Tell Congress: No More Compromises!

Now, how do we win the war? Well, you've got to get a little bit of an army, and the army is the people who are going to kick the members of Congress in the rear-end. Citizens, who are going to kick the members of Congress in the rear-end: Give them that old uplifting treatment! And say, "No more compromises, no more this and that. We want one straight thing from you guys, otherwise, your name is mud. We want you, to vote for the original, Franklin Roosevelt, 1933 Glass-Steagall Act. And if you don't do that, get outta town! Get out of the nation. Because you will have betrayed the United States."

If you put that act through, suddenly, all this wonderful bailout money, pffft! Gone! It goes to Wall Street. Wall Street? You got it, you can keep it! Just don't bother us with it. Our banks will be freed of any of this garbage money, this bailout money. It will just go away from our banks.

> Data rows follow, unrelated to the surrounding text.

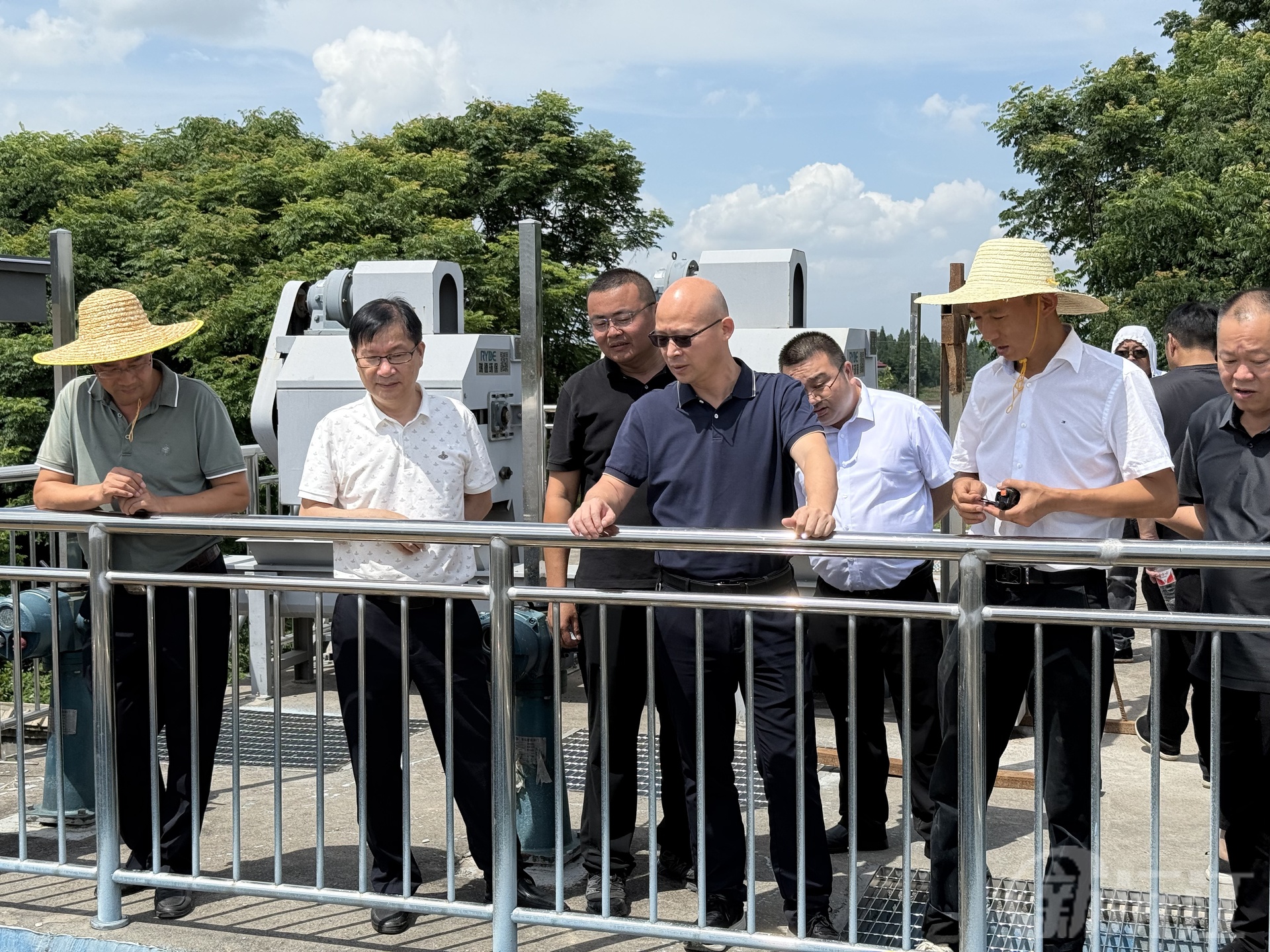 沅江市安全饮水提级扩能项目今日通水试运行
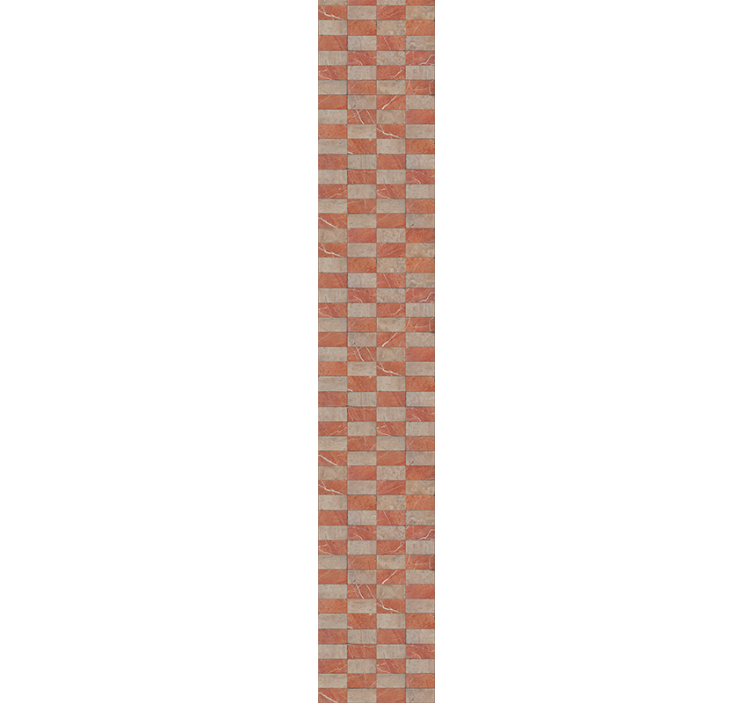 Subtle minimalist cream tiles modern wallpaper - TenStickers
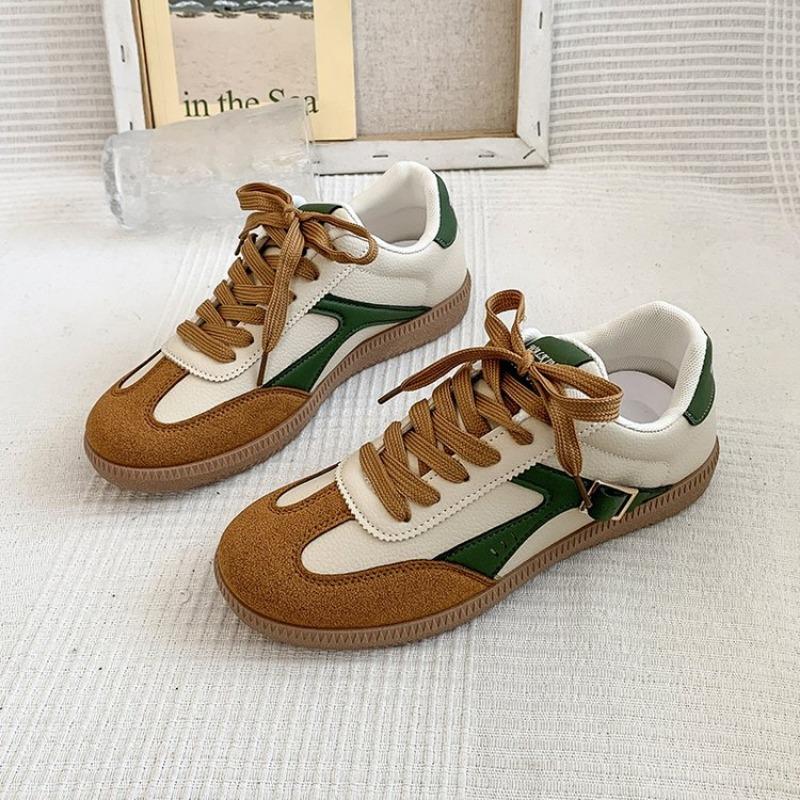 Fashion 2025 New Ladies Green Sneakers Soft-soled Comfortable Shoes Women Leisure Joker Fashion Shoes Tenis Feminino Zapatillas Mujer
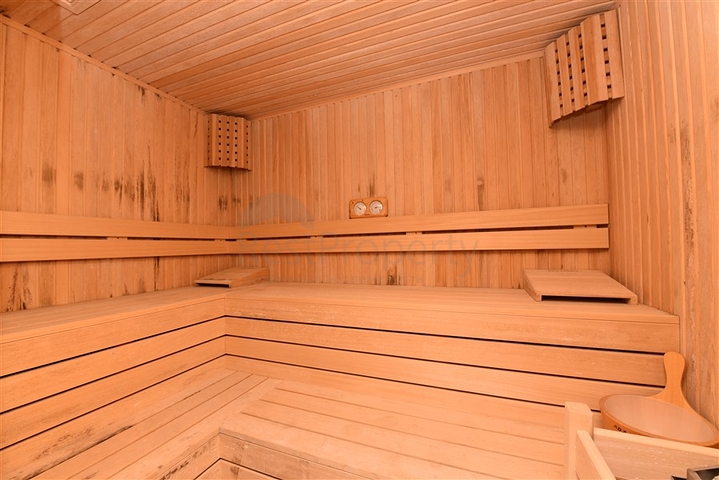 تصميم انيق - شقة مؤثثة - غرفة وصالة - قريبة من البحر - في مهموتلار  / الانيا 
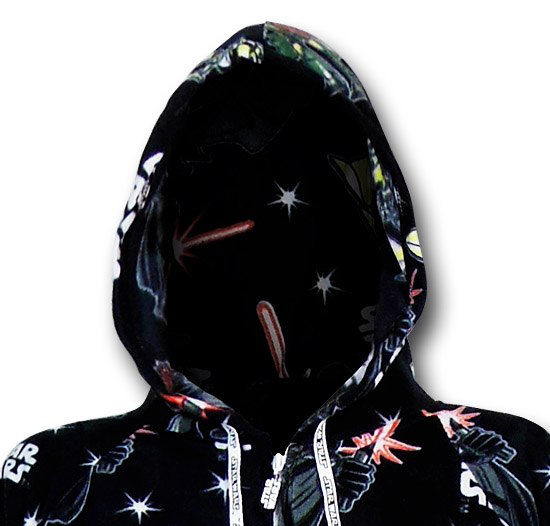 Star Wars: Empire Unisex Footed & Hooded Pyjamas - Large image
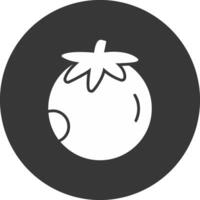 Tomatoes Glyph Inverted Icon vector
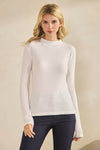 Seamless Soft Modal Mock Neck Long Sleeve Top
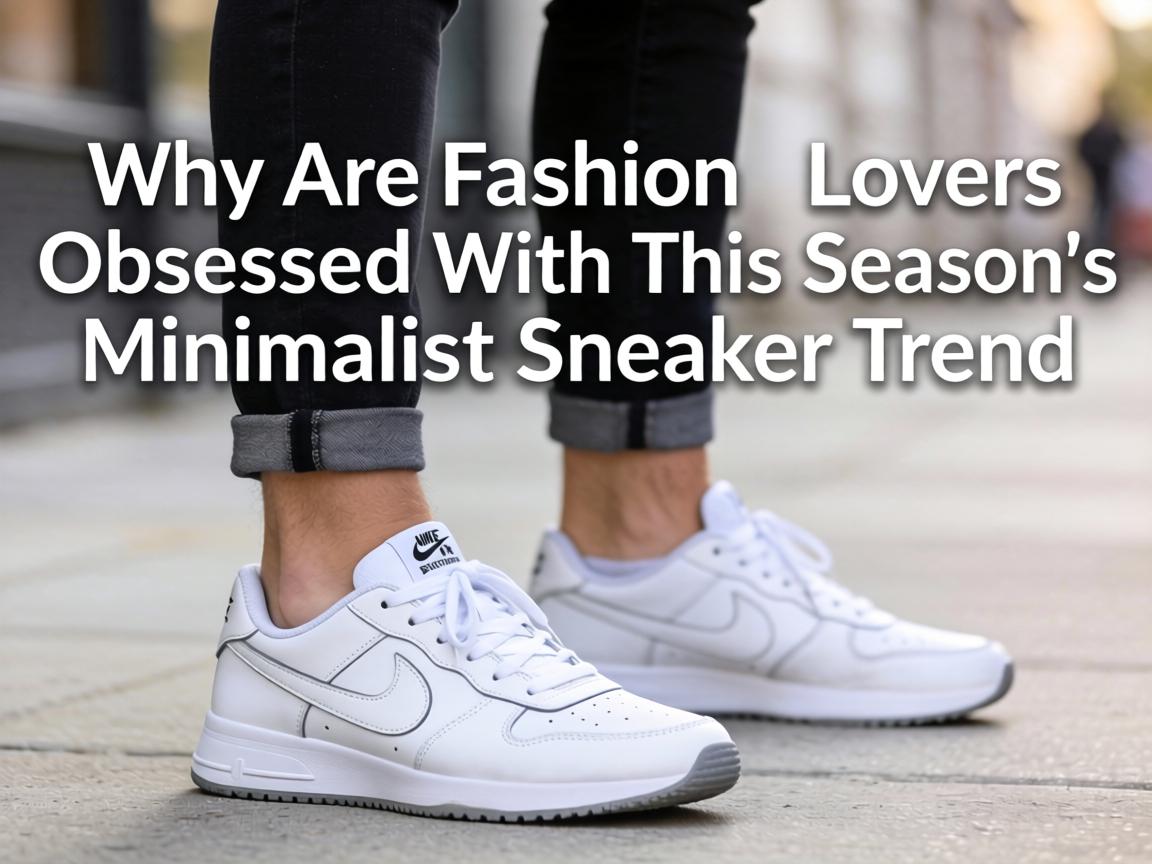 Why Are Fashion Lovers Obsessed With This Season's Minimalist Sneaker Trend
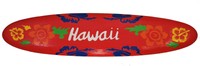 Holzboard Hawaii Surfbrett aus Massivholz im Tiki Style Surfboard Deko 100cm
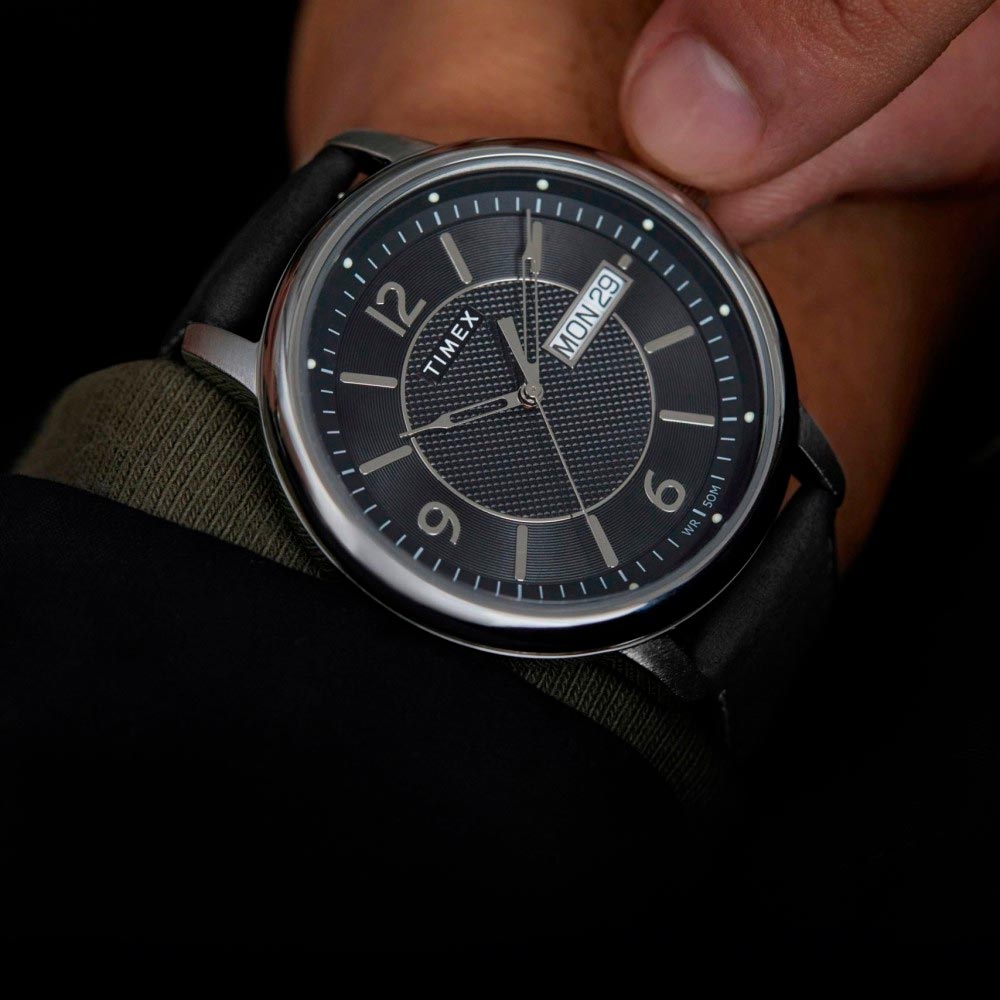 Reloj Timex Chicago TW2V29200 Indiglo Cuero - Dando la Hora - Dando La Hora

That's the thing that's going to drive the President out of office. He'll quit. He'll give up. That defeats him! If you don't do that, he defeats you. If you do that, you defeat him, and you'll get him out. If you don't do that step, that way, you're not going to save the United States: You sold it down the river. You were a coward, or a traitor, or whatever.

Now, what that means is this. Now, Europe, the European system, doesn't function. The European system is in a breakdown. The United States' economy is in a breakdown, actually, but the European system, western and central Europe, are in a worse breakdown than the United States; the situation is more hopeless. And if you know anything about Europe, as my wife will tell you, who is living in the middle of that thing, you don't have much of a chance.

However: If we, in the United States, re-enact Glass-Steagall, which we can do on short notice—if we've got the guts to do it—then we will save Europe. We will save the trans-Atlantic region for stability. If we do that, we then have a problem: how to get this world system out of a mess. It's very simple, essentially, in principle. Europe will have to go through a general reorganization, as will the United States, of the whole system of currency. We will go, under the U.S. initiative, away from monetarist systems; we will cancel and supersede all monetarist systems. In other words, money will not be the standard of value. Money will be used as a conveyor of value, not as the standard of value.

So, to make money behave itself for this purpose, you need what we did before: You need a fixed-exchange-rate system, just like Franklin Delano Roosevelt's fixed-exchange-rate system. You have to go beyond that, because you have to go to the world as a whole, and get them involved in a fixed-exchange-rate system, like the Roosevelt system, for the post-war period, the Bretton Woods system: a fixed-exchange-rate system, a credit system, not a monetary system, a fixed-exchange-rate credit-system.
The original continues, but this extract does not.